The Vatican’s financial reform: The nasty is back

VATICAN CITY
Crux

By John L. Allen Jr.
Associate editor February 28, 2015

Over the centuries, court politics at the Vatican sometimes have had a seriously nasty side. If anyone was wondering whether that aspect of its culture had been killed off in the Francis era, or had simply gone dormant, late February 2015 provided a fairly clear answer.

In a word, the nasty is back.

The focus this time is Cardinal George Pell of Australia, the pope’s chosen fix-it man on Vatican finances.

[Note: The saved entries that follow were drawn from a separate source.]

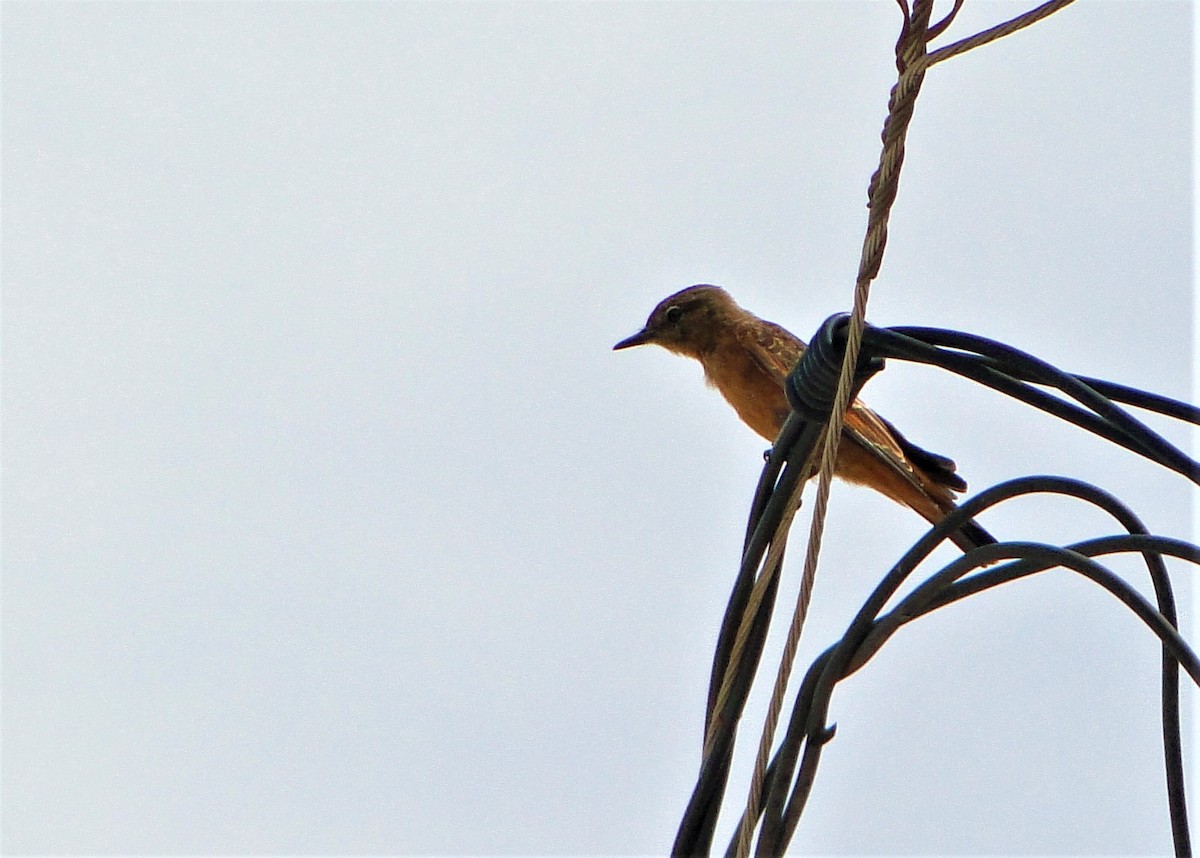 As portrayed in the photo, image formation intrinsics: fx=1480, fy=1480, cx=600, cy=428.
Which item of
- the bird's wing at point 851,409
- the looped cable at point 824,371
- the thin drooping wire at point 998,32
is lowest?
the looped cable at point 824,371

Francis tapped Pell a year ago to end a cycle of scandal and corruption in money management, and in the year since he took over a newly created Secretariat for the Economy, he’s become a lightning rod of the first order.

This week the Italian newsmagazine l’Espresso published leaked receipts from Pell’s new department purporting to show that it has racked up more than a half-million dollars in expenses during its first six months of existence, including a tab of more than $3,000 at Gammarelli’s, a famed clerical tailor shop in Rome.

A rumor ensued that Francis had called Pell on the carpet about those expenses, something the Secretariat for the Economy called “completely false” and “complete fiction” in a statement on Saturday. In fact, the statement insisted, the new department’s expenses are actually below the budget set when it was established last March.